Test 5: A simple API write operation (2 Dynos, 10000 requests, 20 at a time)
Concurrency Level: 20
Time taken for tests: 326.317 seconds
Complete requests: 10000
Failed requests: 0
Write errors: 0
Total transferred: 8091062 bytes
Total POSTed: 3870000
HTML transferred: 5350000 bytes
Requests per second: 30.65 [#/sec] (mean)
Time per request: 652.634 [ms] (mean)
Time per request: 32.632 [ms] (mean, across all concurrent requests)
Transfer rate: 24.21 [Kbytes/sec] received
11.58 kb/s sent
35.80 kb/s totalConnection Times (ms)min mean[+/-sd] median
maxConnect: 68 72 13.8 70 1004
Processing: 113 580 233.1 539 2145
Waiting: 113 580 233.1 539 2145
Total: 183 652 233.5 610 2213
Percentage of the requests served within a certain time (ms)
50% 610
66% 701
75% 771
80% 822
90% 971
95% 1103
98% 1254
99% 1374
100% 2213 (longest request)
We slipped a tad on overall throughput (down to 30 reqs/sec) but we still served up all of the requests in a reasonable time without any failures. Let’s check out New Relic & See what it says.

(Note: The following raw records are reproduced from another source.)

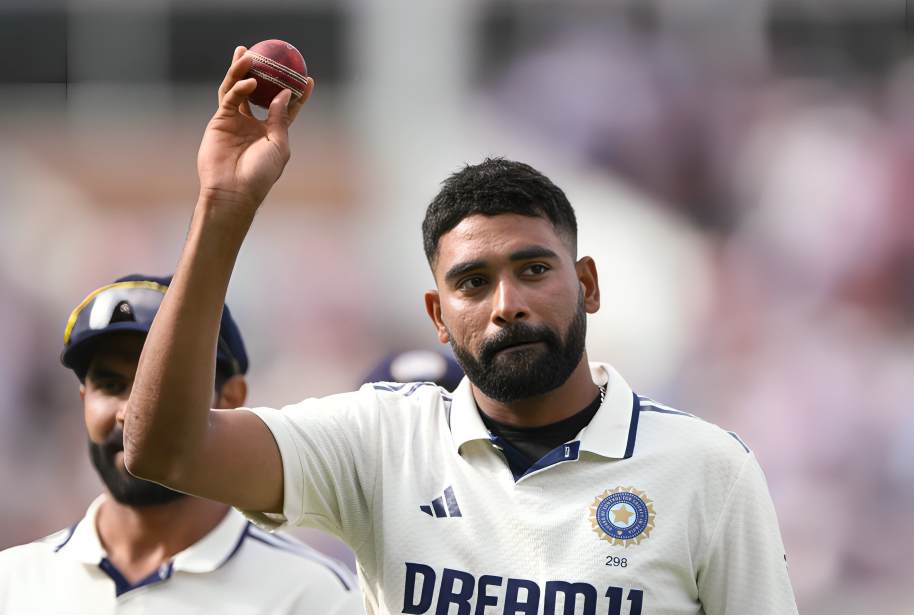 "For him, the opposition is always the enemy" – Mohammed Siraj on lessons learned from Virat Kohli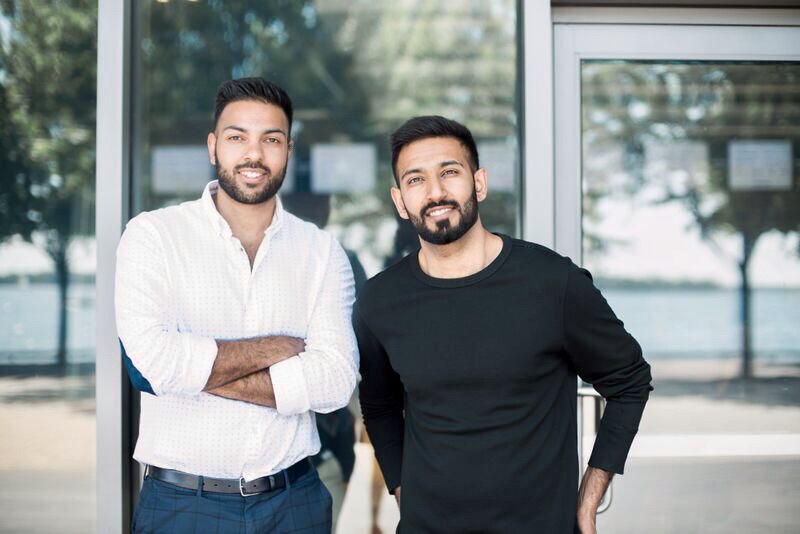 Inspiring! @NadeemNathoo shares how he and his brother <a href="/navidnathoo/">Navid Nathoo</a> started @theksociety, &amp; how their organization is lifting up students to reach their full potential in the world of entrepreneurship &amp; innovation! Read more: bit.ly/2xsBoaV Guest writer: <a href="/jorilichtman/">Jori Lichtman</a>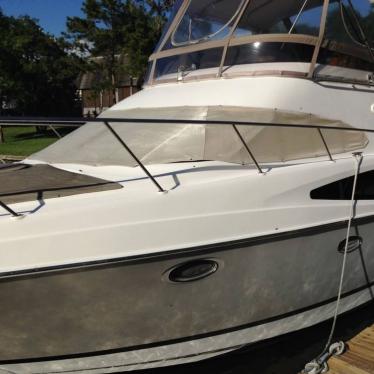 2006 Regal 3880 commodore flybridge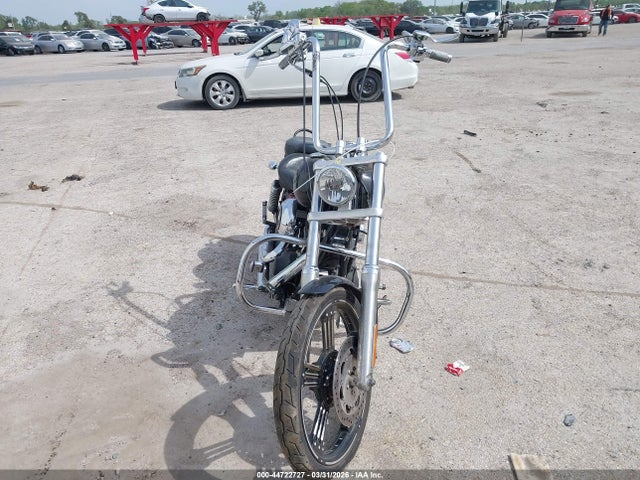 Harley-Davidson Fxdwg Dyna Wide Glide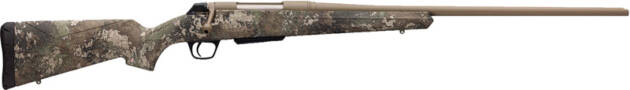 WINCHESTER XPR HUNTER 300WSM - 24" BRONZE/TT-STRATA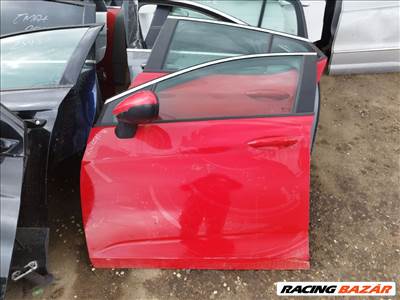 Opel Astra K bal első ajtó üresen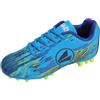 JAKO J-SFG Stepover, Scarpe da Calcio, Sky Limetta, 33 EU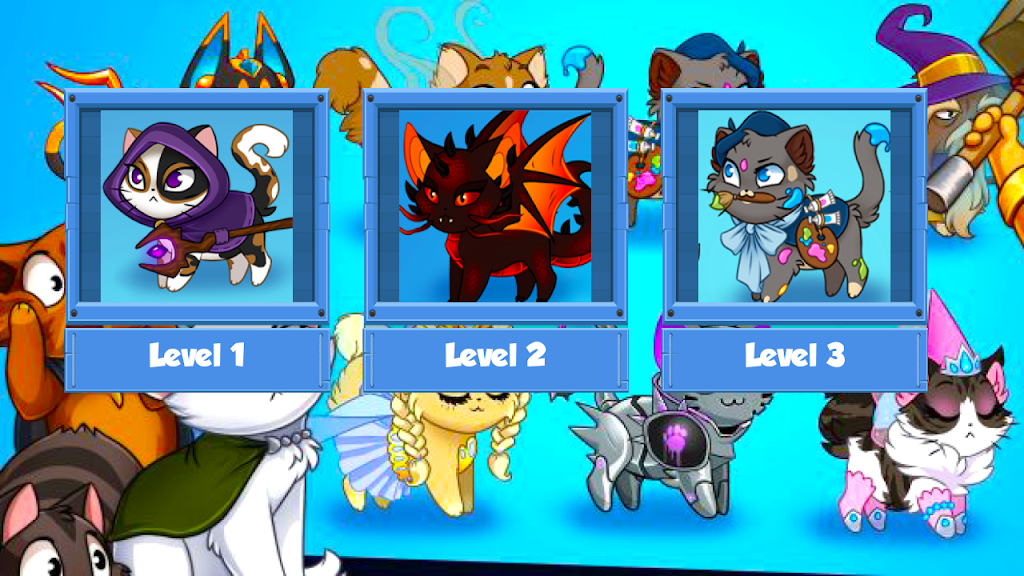 Quiz Castle Cats Screenshot1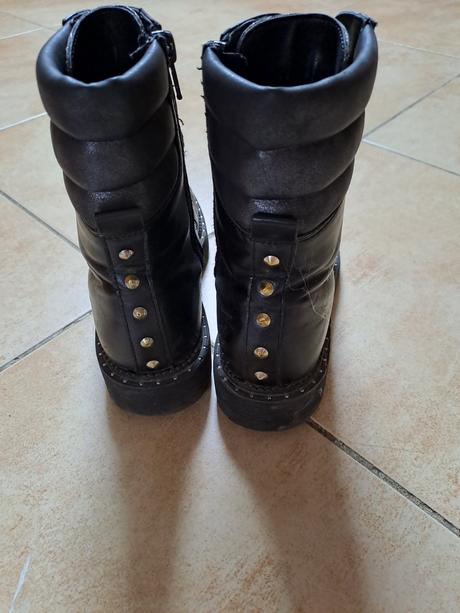 Čižmičky, deichmann,34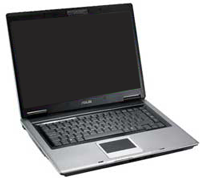 Asus F6E laptops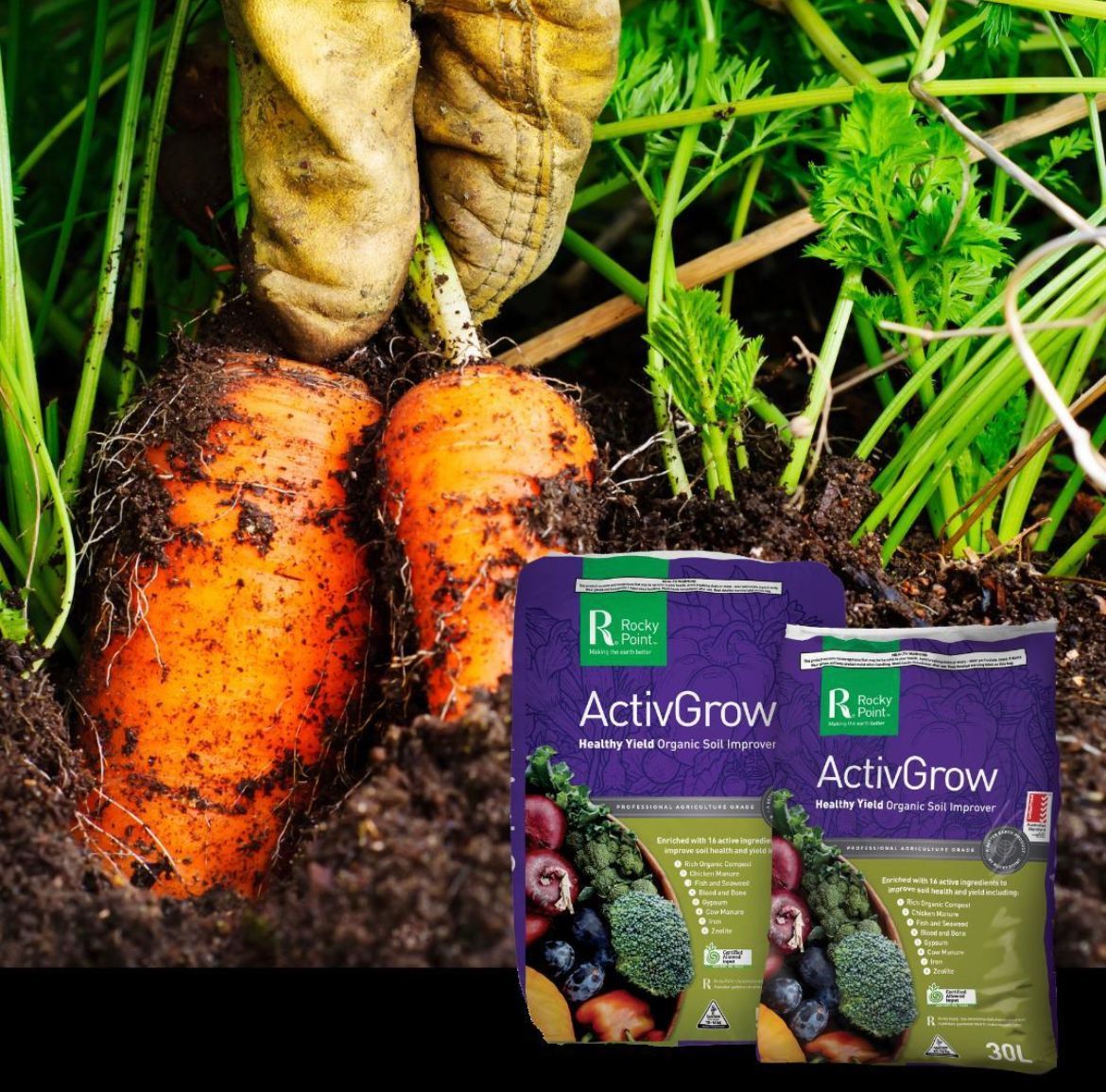 Active Grow-Landscaping Supplies in Myocum, NSW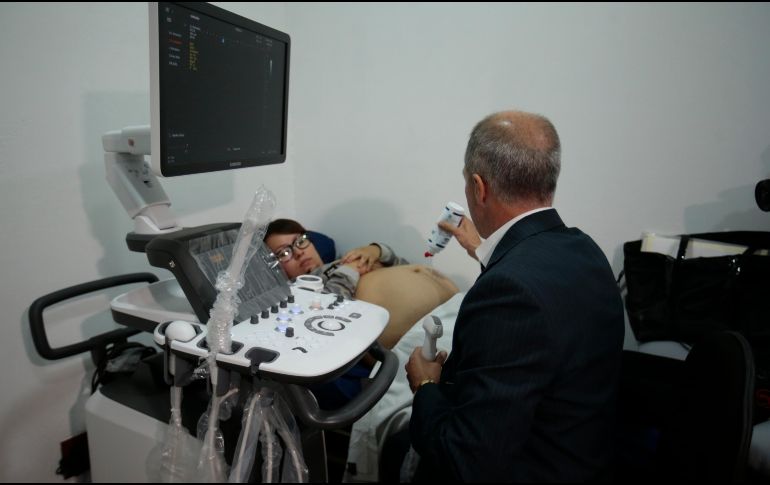 A pesar de que el porcentaje de embarazadas afectadas es mayor en la zona sur del país, es una enfermedad presente en todo México. EL INFORMADOR / ARCHIVO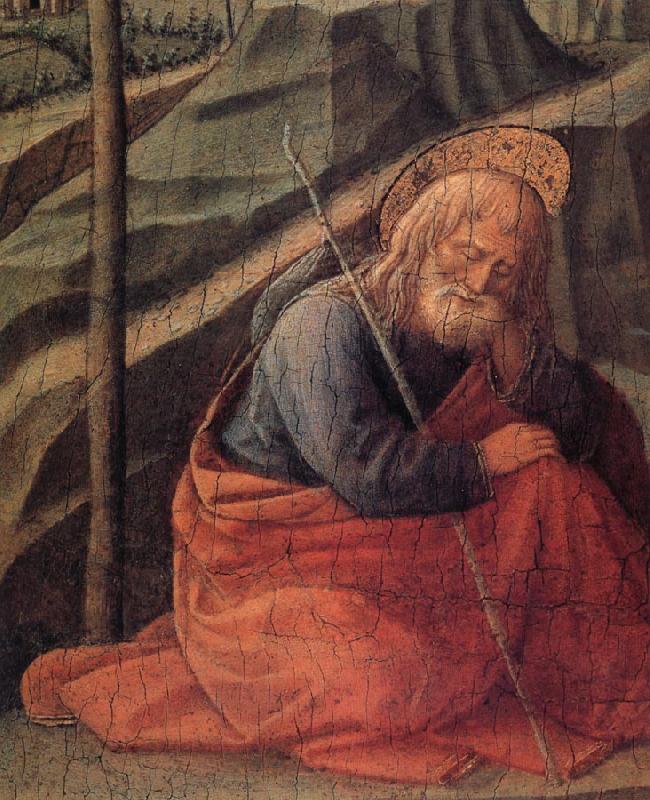 Fra Filippo Lippi The Nativity Germany oil painting art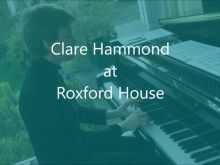 Clare Hammond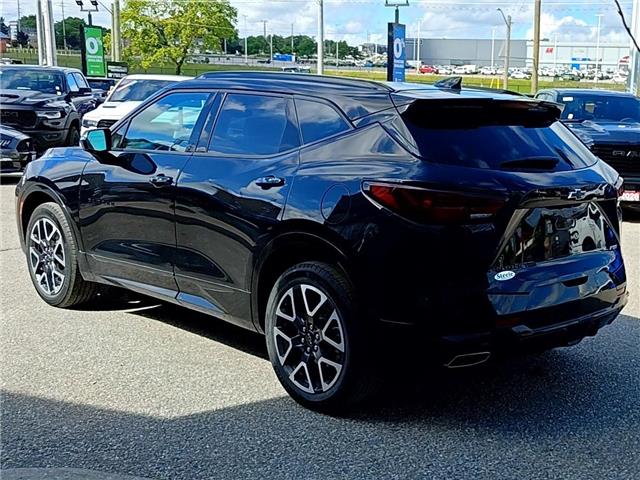 2025 Chevrolet Blazer RS (Stk: 28539W) in Newmarket - Image 5 of 21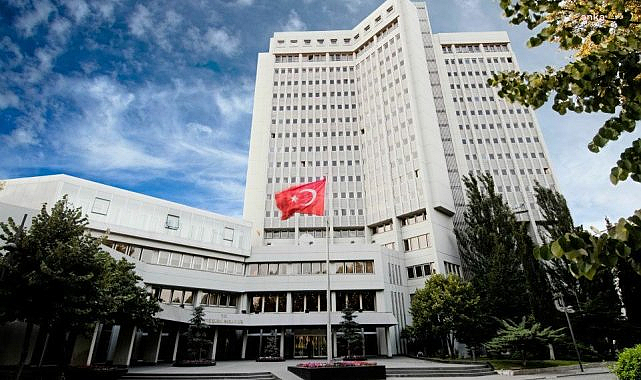 Dışişleri Bakanlığı Destek Merkezi: Almanya'nın Eberswalde şehrinde dün çıkan yangında iki vatandaşımız hayatını kaybetti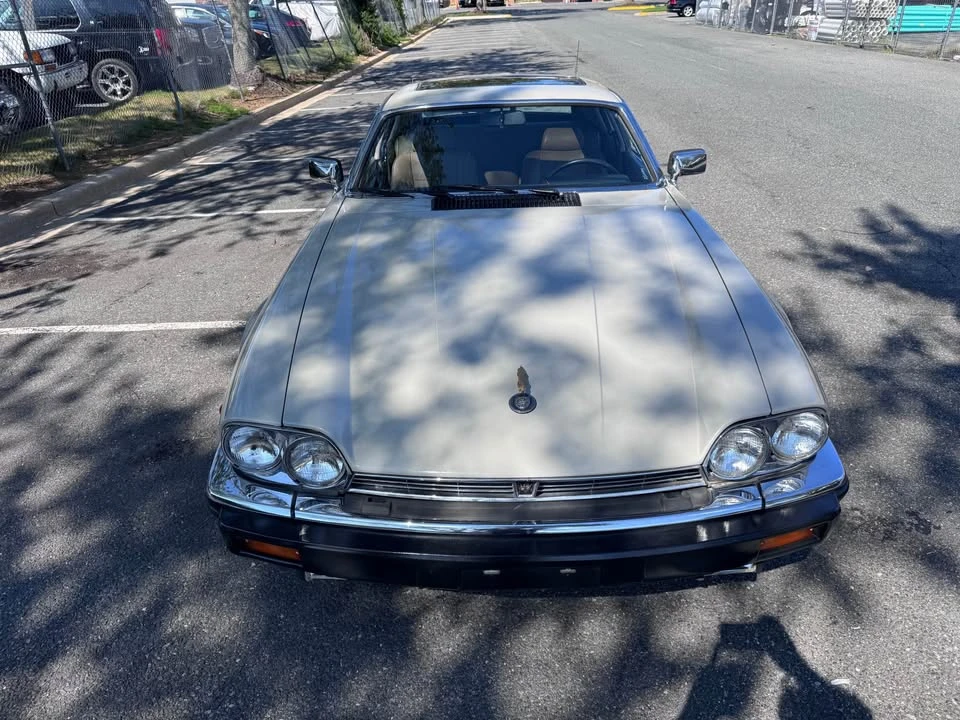 1986 Jaguar XJS Pre-Facelift V12 - Image 2 of 18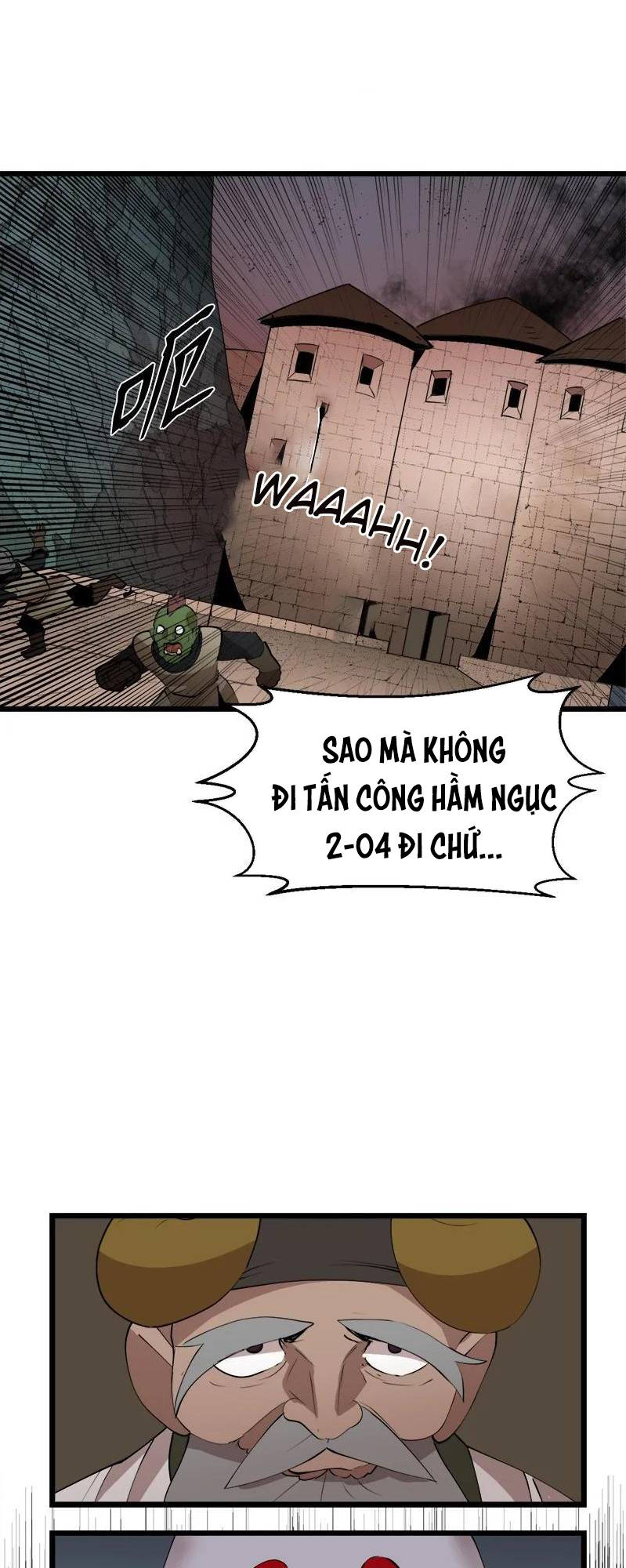 The Dungeon Master Chương 122 Page 13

In this graph you can see the overall HTTP Throughput (higher is better) against the Heroku backlog depth. The more dynos you have, the quicker your backlog is cleared out, equating to more throughput. You can clearly see that we are now hitting a limit on the throughput we can handle because the queue depth is increasing. We might choose to optimize the site or add another dyno to squeeze some more perf out of this. Also in the image if you were to mouseover on the queue stacks on the website, you’d see that my peak queue depth was 29. That’s pretty high, and you can definitely see a cap in the total # of requests that we can serve. In the end, I’m able to pretty reliably say that we can handle a 10k request spike when running on 2 dynos. I’d suggest more dynos if the client wanted to handle more than that. Gotta love tools that make investigation like this easy. Props to Heroku & New Relic.